▶ **Your goal**:
Among the entries below, which lines run from the line with "Spa Redi Pedi Clay Mask (Pomegranate, 16 oz)" through the line with "靖海站 名品城 创意设计装修 75坪 小清新 喝茶 办公皆宜"? Retype those, both ends included, exactly and without pictures.

--- Material for the task ---

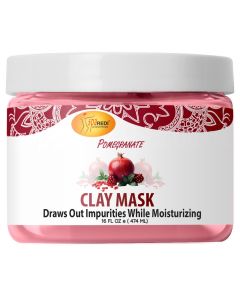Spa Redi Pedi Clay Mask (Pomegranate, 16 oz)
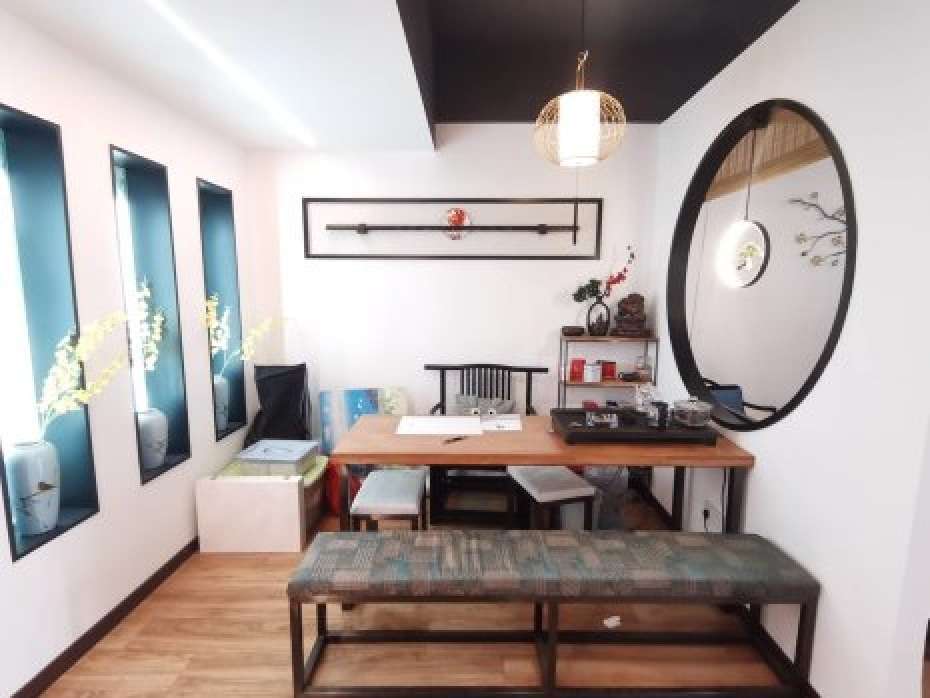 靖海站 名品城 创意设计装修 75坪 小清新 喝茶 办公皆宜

---
--- Material for the task ---

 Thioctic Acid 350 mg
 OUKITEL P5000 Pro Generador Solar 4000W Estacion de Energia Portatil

---

▶ **Exercise answer**:
Spa Redi Pedi Clay Mask (Pomegranate, 16 oz)
 靖海站 名品城 创意设计装修 75坪 小清新 喝茶 办公皆宜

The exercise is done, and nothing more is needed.